Teacups

By: Adora Brown

In the kitchen sat four identical teacups. Each had the same swirly designs, as paint danced along every curve and crevice. Mama told me I couldn’t touch the teacups. They are not your toys, she would say. But now, Mama doesn’t seem to care about her good china anymore. Inside those cups sat cold chamomile, Papa’s favorite. But Papa and the boys never returned.

In the kitchen there is a window. In the corner is a small crack where Billy nearly shattered the smudged glass into a million pieces. There are two symmetrical lines of dust along the windowsill. Each day Mama would open that window, hoping to catch a glimpse of the troops finally returning home, hoping to see our broken family again. Correction, nearly broken. Just as Billy’s baseball nearly broke the window. There’s still hope, Mama mutters to herself sometimes.

In the kitchen there are ghosts. A small remnant of what used to be our family. Papa would sip his tea as the boys would dance around the kitchen table singing jolly tunes. Mama would scold them, but I would catch her small smiles from time to time.

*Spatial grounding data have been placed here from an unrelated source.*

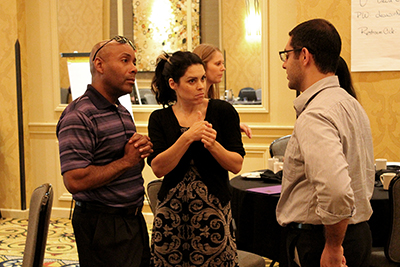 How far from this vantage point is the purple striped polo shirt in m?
1.67

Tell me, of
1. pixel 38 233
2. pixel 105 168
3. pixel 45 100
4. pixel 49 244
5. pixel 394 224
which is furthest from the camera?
pixel 45 100

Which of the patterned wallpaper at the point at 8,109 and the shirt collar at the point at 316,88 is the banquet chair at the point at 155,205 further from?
the patterned wallpaper at the point at 8,109

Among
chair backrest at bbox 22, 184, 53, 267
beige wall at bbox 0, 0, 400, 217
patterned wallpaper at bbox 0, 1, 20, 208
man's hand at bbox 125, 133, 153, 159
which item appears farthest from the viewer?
patterned wallpaper at bbox 0, 1, 20, 208

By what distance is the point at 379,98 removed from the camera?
13.4 feet

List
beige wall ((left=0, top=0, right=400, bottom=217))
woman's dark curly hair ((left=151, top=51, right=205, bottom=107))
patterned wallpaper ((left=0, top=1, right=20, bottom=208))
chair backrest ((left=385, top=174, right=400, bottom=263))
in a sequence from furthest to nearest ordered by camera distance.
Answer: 1. patterned wallpaper ((left=0, top=1, right=20, bottom=208))
2. beige wall ((left=0, top=0, right=400, bottom=217))
3. chair backrest ((left=385, top=174, right=400, bottom=263))
4. woman's dark curly hair ((left=151, top=51, right=205, bottom=107))

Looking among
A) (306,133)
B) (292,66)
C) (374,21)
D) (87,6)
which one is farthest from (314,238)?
(87,6)

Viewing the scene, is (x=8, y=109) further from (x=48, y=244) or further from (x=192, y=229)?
(x=192, y=229)

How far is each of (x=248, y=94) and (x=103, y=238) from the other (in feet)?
11.0

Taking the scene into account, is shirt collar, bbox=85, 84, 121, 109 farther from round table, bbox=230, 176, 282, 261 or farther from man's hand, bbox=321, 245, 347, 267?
round table, bbox=230, 176, 282, 261

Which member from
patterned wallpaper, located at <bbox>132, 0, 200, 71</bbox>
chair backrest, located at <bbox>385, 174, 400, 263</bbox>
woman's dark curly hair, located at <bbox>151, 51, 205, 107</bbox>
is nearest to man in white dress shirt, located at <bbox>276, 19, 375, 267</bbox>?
woman's dark curly hair, located at <bbox>151, 51, 205, 107</bbox>

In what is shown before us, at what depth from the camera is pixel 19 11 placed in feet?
17.4

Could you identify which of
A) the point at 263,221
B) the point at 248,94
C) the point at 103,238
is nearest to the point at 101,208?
the point at 103,238

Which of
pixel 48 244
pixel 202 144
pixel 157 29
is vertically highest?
pixel 157 29

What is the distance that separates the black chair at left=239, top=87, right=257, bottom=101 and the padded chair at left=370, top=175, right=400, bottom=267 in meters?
2.59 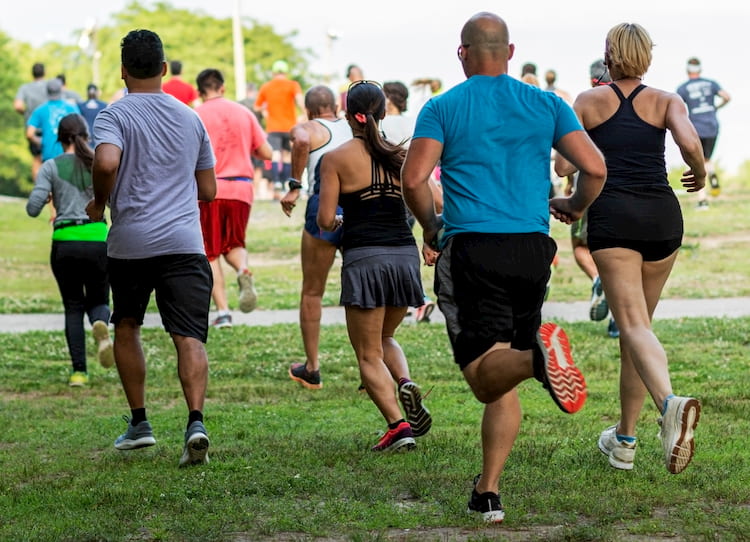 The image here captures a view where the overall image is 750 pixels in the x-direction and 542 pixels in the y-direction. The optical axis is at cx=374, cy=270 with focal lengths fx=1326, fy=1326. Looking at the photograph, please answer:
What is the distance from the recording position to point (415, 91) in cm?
2122

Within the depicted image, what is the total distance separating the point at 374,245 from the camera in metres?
6.98

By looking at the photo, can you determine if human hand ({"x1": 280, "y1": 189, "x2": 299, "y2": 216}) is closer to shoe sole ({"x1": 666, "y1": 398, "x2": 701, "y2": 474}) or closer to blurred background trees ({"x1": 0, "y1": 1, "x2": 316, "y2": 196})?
shoe sole ({"x1": 666, "y1": 398, "x2": 701, "y2": 474})

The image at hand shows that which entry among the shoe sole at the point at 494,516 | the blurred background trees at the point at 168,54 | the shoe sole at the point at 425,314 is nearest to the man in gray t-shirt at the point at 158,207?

In the kitchen there is a letter. It sits on the counter, taunting me, but I don’t dare move it. When Mama opened that yellow envelope she dropped her teacup, that fine piece of good china she once cared so much about, to the floor. It shattered, breaking into hundreds of little pieces. MIA, Mama whispered. Missing in Action, three words that broke apart our family. Not nearly, anymore. Completely, utterly, shattered. The remnants of what used to be now strewn across the kitchen floor. Delicate, sharp, shards of us. Now Mama sits upstairs, broken. Papa and my two older brothers, three teacups, but the tea is no longer warm. And me, an empty cup in an empty family.